Dataset content
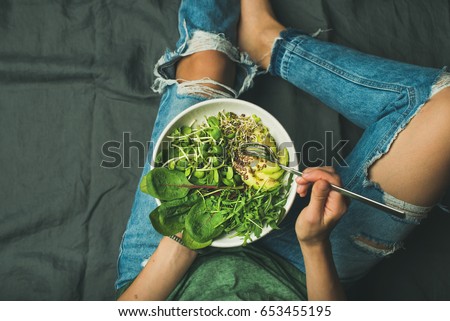 Green vegan breakfast meal in bowl with spinach, arugula, avocado, seeds and sprouts. Girl in jeans holding fork with knees and hands visible, top view, copy space. Clean eating, vegan food concept Royalty-Free Stock Photo #653455195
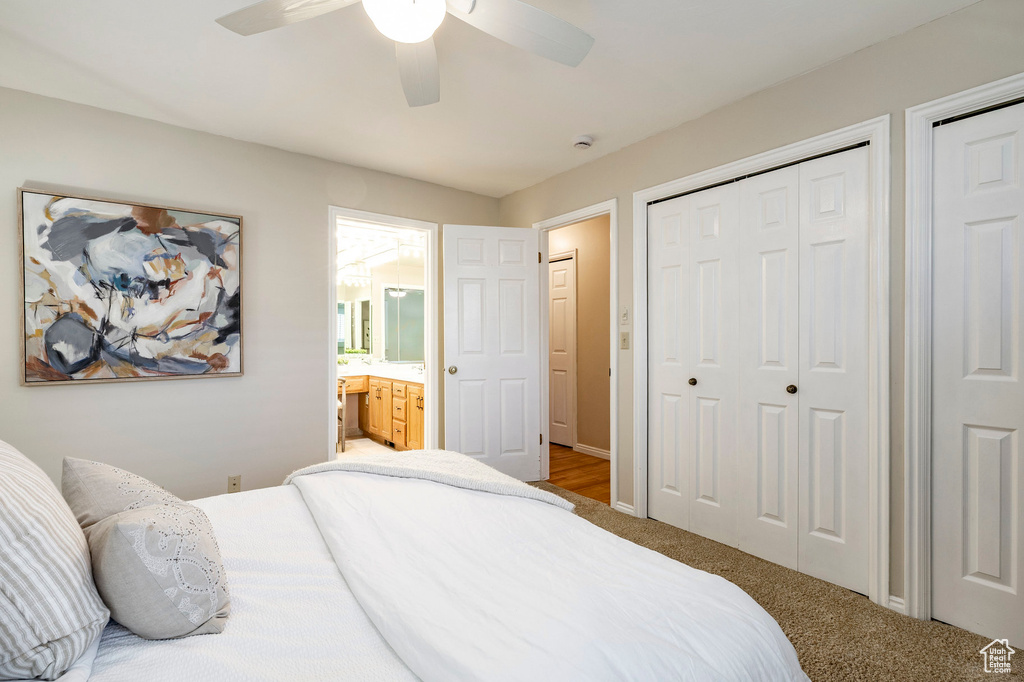 Carpeted bedroom featuring ceiling fan and ensuite bath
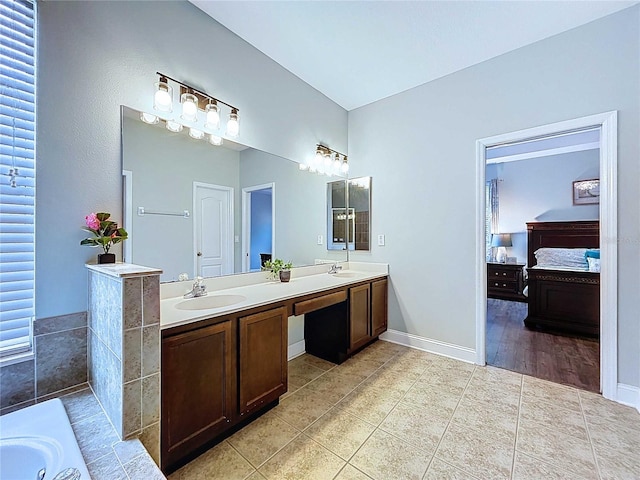 4116 Knollpoint Dr, Wesley Chapel, FL 33544 - ensuite bathroom with double vanity, tile patterned floors, and a bath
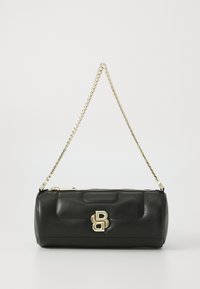 Black leather handbag with a cylindrical shape, featuring a gold chain strap and a prominent gold logo accent on the front.
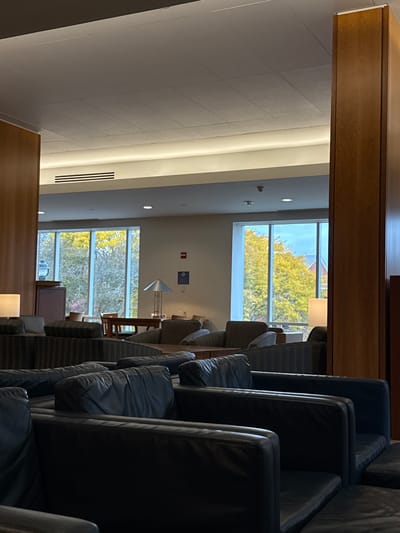 This image depicts the interior of a common area or lounge within the Baker Library at Bentley University in Waltham, Massachusetts, United States. The scene is brightly lit, combining natural light from large windows with internal artificial lighting.
In the immediate foreground, several rows of unoccupied dark, possibly black, leather armchairs are visible, extending towards the midground. Beyond these, various groupings of fabric-upholstered armchairs and sofas, featuring striped patterns (likely dark blue/grey and black), are arranged around dark wooden tables. On the left side, near a window, a dark wooden cabinet or credenza is present, with a table lamp featuring a white rectangular shade. On a table in the mid-right, a modern metallic table lamp with a conical shade stands.
The background is dominated by a series of large, multi-pane windows that offer a view of vibrant yellow autumn foliage on trees, suggesting the season. Through the rightmost window, a portion of a red brick building with white trim is discernible. On the light-colored wall between the windows, a small rectangular red sign (likely a fire extinguisher marker) and a square blue informational sign are affixed.
The ceiling consists of light-colored acoustic tiles, equipped with recessed lighting fixtures, a prominent linear light strip running along the wall, air vents, and smoke detectors. Tall, light-toned wooden columns or partitions frame the scene on both the left and right sides, contributing to the architectural structure. No individuals are present in the image, rendering the space quiet and unoccupied.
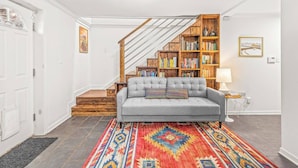 Ein Wohnzimmer mit grauem Sofa, einem bunten Teppich, einer Holztreppe und einem Bücherregal.
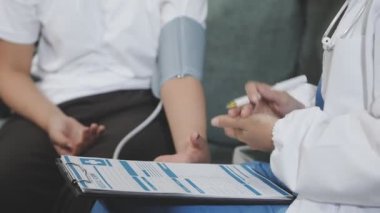 Steteskoplu genç Asyalı doktor ve hastanede oturan hasta.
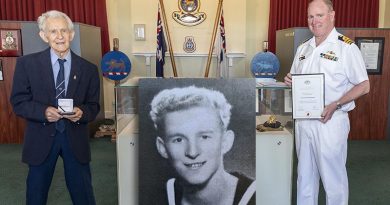 Former Able Seaman Ronald Bergman, 94, (and inset) is presented a World War II 75th anniversary commemorative medallion by the Executive Officer HMAS Cerberus Commander Martin Holzberger during Mr Bergman’s visit to the base. Photo by Leading Seaman James McDougall.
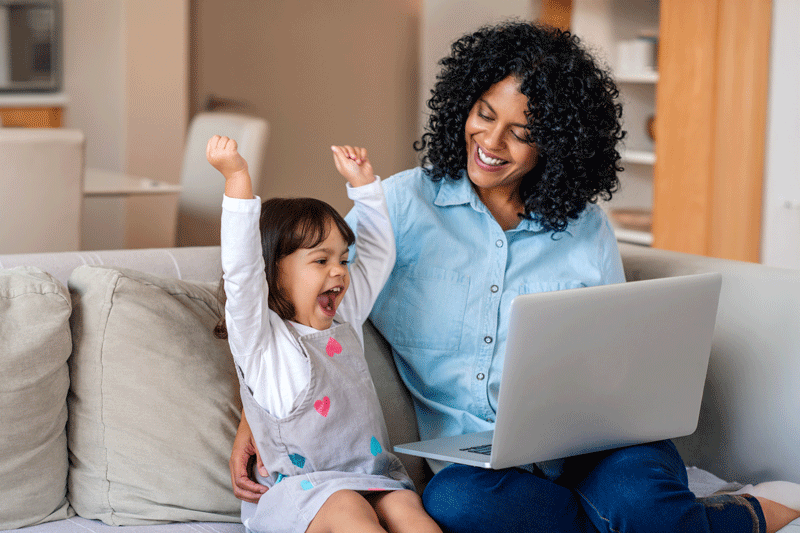 Laughing little girl and mother watching something on a laptop for ESDM-based caregiver coaching program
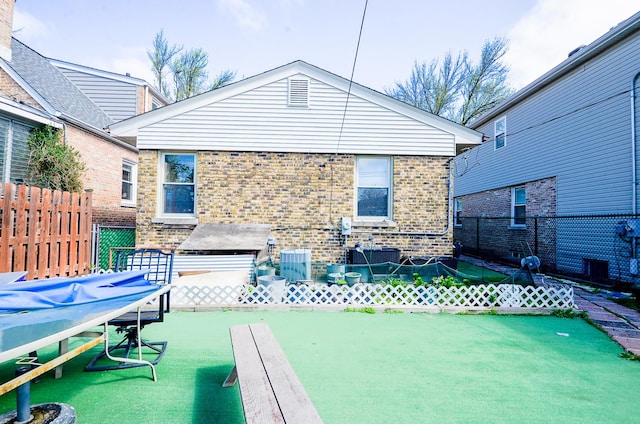 rear view of property with central air condition unit, brick siding, and a fenced backyard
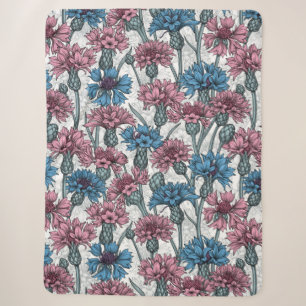 Pink and blue cornflowers, wild flowers on white sherpa blanket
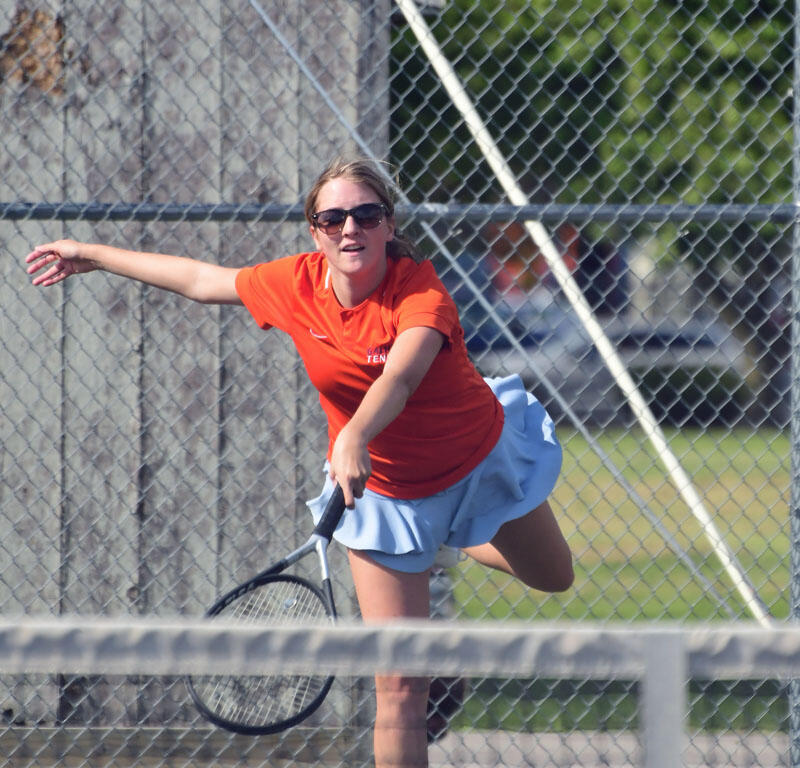 Female tennis player in an orange shirt and light-blue skirt serving on a court, ball in midair above her racket.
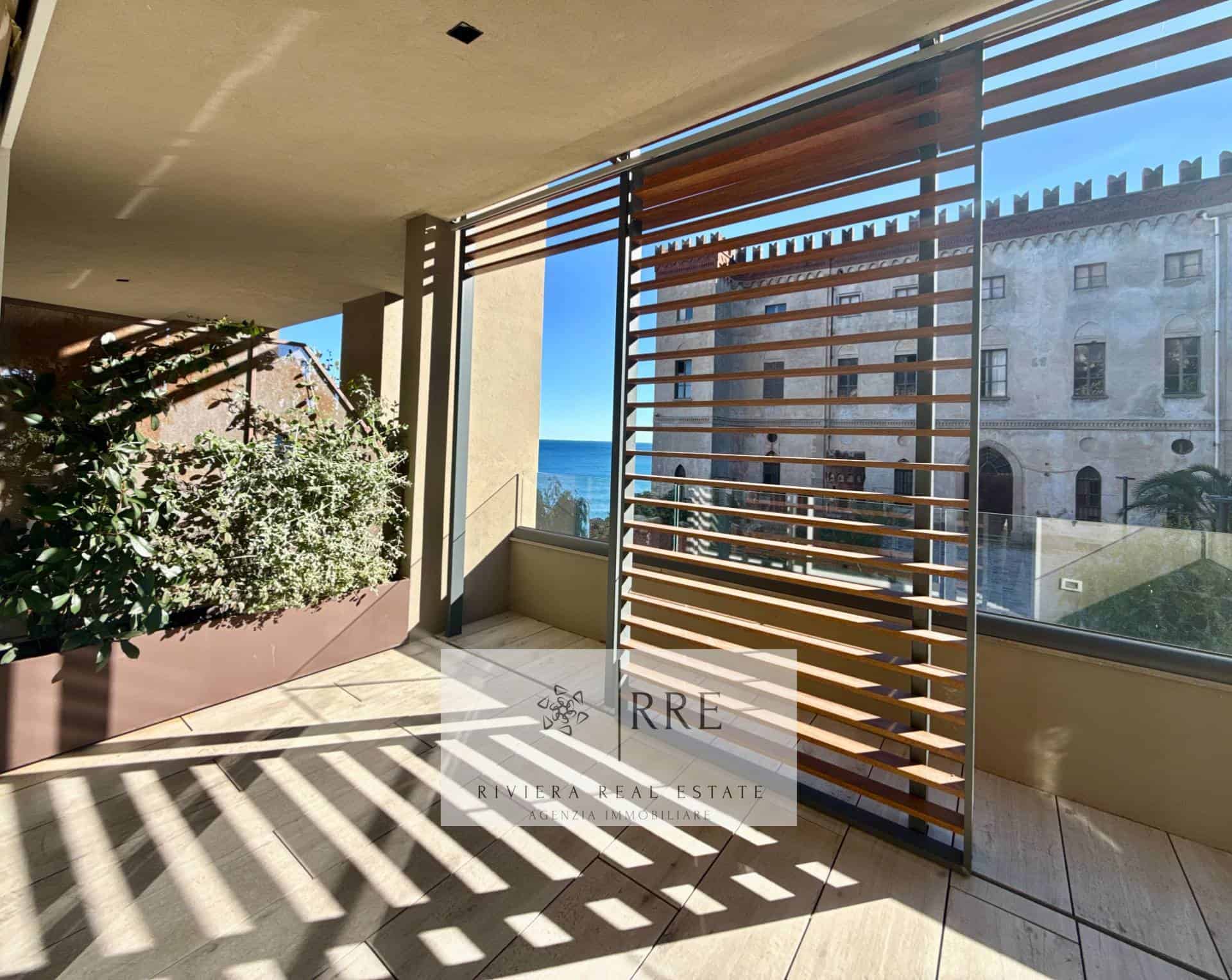 Balcony with ocean view, wooden slats for privacy, and outdoor space in a coastal property.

Task goal
What is needed here is an exact transcription of every record above, with images excluded.

Answer to the problem
 Green vegan breakfast meal in bowl with spinach, arugula, avocado, seeds and sprouts. Girl in jeans holding fork with knees and hands visible, top view, copy space. Clean eating, vegan food concept Royalty-Free Stock Photo #653455195
 Carpeted bedroom featuring ceiling fan and ensuite bath
 4116 Knollpoint Dr, Wesley Chapel, FL 33544 - ensuite bathroom with double vanity, tile patterned floors, and a bath
 Black leather handbag with a cylindrical shape, featuring a gold chain strap and a prominent gold logo accent on the front.
 This image depicts the interior of a common area or lounge within the Baker Library at Bentley University in Waltham, Massachusetts, United States. The scene is brightly lit, combining natural light from large windows with internal artificial lighting.
In the immediate foreground, several rows of unoccupied dark, possibly black, leather armchairs are visible, extending towards the midground. Beyond these, various groupings of fabric-upholstered armchairs and sofas, featuring striped patterns (likely dark blue/grey and black), are arranged around dark wooden tables. On the left side, near a window, a dark wooden cabinet or credenza is present, with a table lamp featuring a white rectangular shade. On a table in the mid-right, a modern metallic table lamp with a conical shade stands.
The background is dominated by a series of large, multi-pane windows that offer a view of vibrant yellow autumn foliage on trees, suggesting the season. Through the rightmost window, a portion of a red brick building with white trim is discernible. On the light-colored wall between the windows, a small rectangular red sign (likely a fire extinguisher marker) and a square blue informational sign are affixed.
The ceiling consists of light-colored acoustic tiles, equipped with recessed lighting fixtures, a prominent linear light strip running along the wall, air vents, and smoke detectors. Tall, light-toned wooden columns or partitions frame the scene on both the left and right sides, contributing to the architectural structure. No individuals are present in the image, rendering the space quiet and unoccupied.
 Ein Wohnzimmer mit grauem Sofa, einem bunten Teppich, einer Holztreppe und einem Bücherregal.
 Steteskoplu genç Asyalı doktor ve hastanede oturan hasta.
 Former Able Seaman Ronald Bergman, 94, (and inset) is presented a World War II 75th anniversary commemorative medallion by the Executive Officer HMAS Cerberus Commander Martin Holzberger during Mr Bergman’s visit to the base. Photo by Leading Seaman James McDougall.
 Laughing little girl and mother watching something on a laptop for ESDM-based caregiver coaching program
 rear view of property with central air condition unit, brick siding, and a fenced backyard
 Pink and blue cornflowers, wild flowers on white sherpa blanket
 Female tennis player in an orange shirt and light-blue skirt serving on a court, ball in midair above her racket.
 Balcony with ocean view, wooden slats for privacy, and outdoor space in a coastal property.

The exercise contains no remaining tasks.